User Stories combine “role”, “action” and “benefit” into a single sentence.
As a [role], I can [action] (so that [benefit]).
For example: “As a visitor of the homepage, I can subscribe to the newsletter so I stay up to date.”
An interesting alternative are Job Stories where you use “situation”, “motivation” and “outcome” in a similar sentence.
When [situation], I want to [motivation] so I can [expected outcome].
The same example then becomes: “When visiting the homepage, I want to subscribe to the newsletter so I can stay up to date.”
3 C’s
User Stories have 3 critical aspects, also known as the 3 C’s.
- Card: the story, written down on an index card or in a project management tool of choice.
- Confirmation: a set of acceptance criteria that determine when a story can be accepted as done.

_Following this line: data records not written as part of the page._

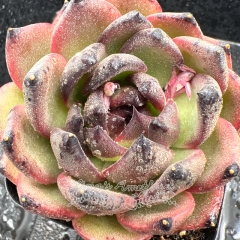 Real & Unique | Echeveria 'Basanite'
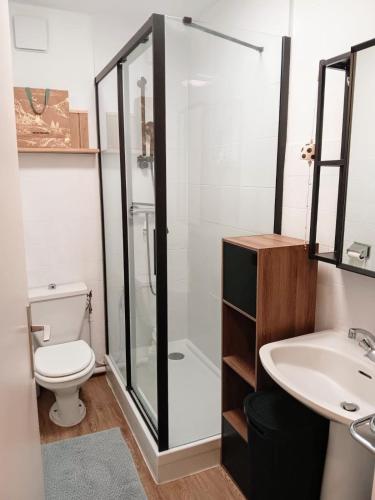 une salle de bain avec une douche, des toilettes et un lavabo dans l'établissement Studio 4 personnes - vue sur port du Pouliguen - Parking privé, linge fourni, au Pouliguen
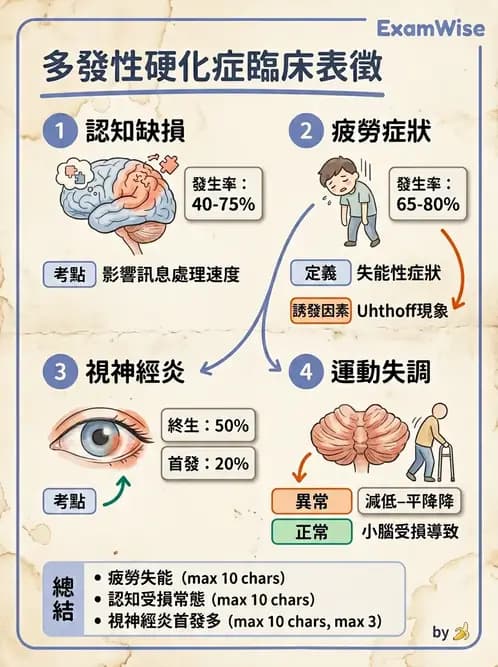 物治 - 多發性硬化症物理治療 - AI 圖文解析預覽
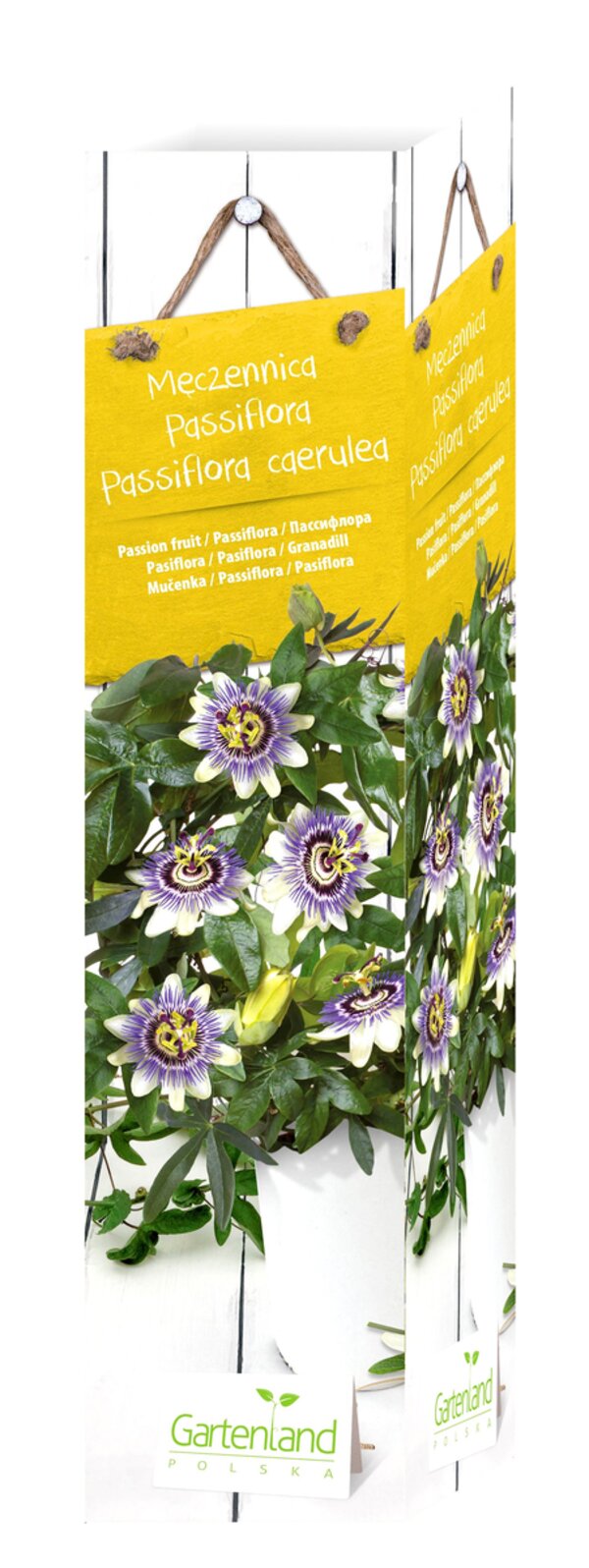 Bild 1 von Passiflora Passionsblume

- Conversation: the discussion and refinement with the people actually building the feature.
Note that without the conversation part User Stories actually don’t make that much sense.
INVEST
The INVEST acronym is a checklist to determine if your User Story is good.
- Independent: can your User Story move across your kanban or scrum board without influencing other stories?

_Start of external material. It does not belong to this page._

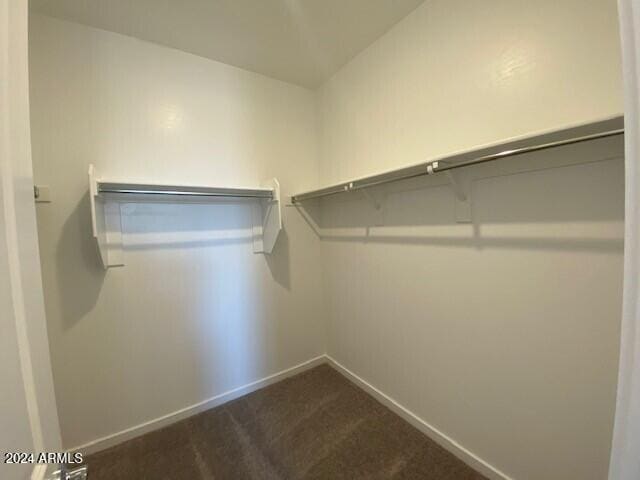 spacious closet with carpet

- Negotiable: is there room to negotiate the scope?
- Valuable: does it bring business and/or end user value?
- Estimable: is there enough information to estimate complexity?
- Small: is it small enough so the cycle team to bring value is reasonable?
- Testable: is it possible to show it to users and stakeholders in an independent way and to test it against certain (acceptance) criteria?
Benefits of User Stories
- Instead of isolating analysis in a separate silo and throwing feature requests over a wall, User Stories grasp the Why and the What, but not the How. It prevents thinking in solutions and focuses on the right problems to solve.
- User Stories tap into the collective intelligence of a team instead of the technical assumptions of a lone analyst.
- User Stories cause fuzz from the start.
- User Stories perfectly work together with scrum events such as planning poker, sprint refinements,...
- User Stories are easy to share and discuss with stakeholders.
- A set of User Stories can be easily brought together in a User Story Map to visualise a product roadmap.